• **Activity**
Using the records below, give again exactly the lines from the line that contains "Чохол Ummi Camshield" through the line that contains "emmi（エミ）ミニスカート 茶 サイズ:1(S位)", both ends included, and only those.

• **Data provided**

--------------------------------------------------

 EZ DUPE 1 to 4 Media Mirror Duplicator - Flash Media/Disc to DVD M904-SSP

--------------------------------------------------

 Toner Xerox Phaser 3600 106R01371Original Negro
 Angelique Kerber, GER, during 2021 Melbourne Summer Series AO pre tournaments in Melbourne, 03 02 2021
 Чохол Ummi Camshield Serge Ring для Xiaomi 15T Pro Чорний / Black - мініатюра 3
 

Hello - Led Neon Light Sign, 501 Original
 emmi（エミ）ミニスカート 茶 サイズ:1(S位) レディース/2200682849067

--------------------------------------------------

• **Task result**
 Чохол Ummi Camshield Serge Ring для Xiaomi 15T Pro Чорний / Black - мініатюра 3
 

Hello - Led Neon Light Sign, 501 Original
 emmi（エミ）ミニスカート 茶 サイズ:1(S位) レディース/2200682849067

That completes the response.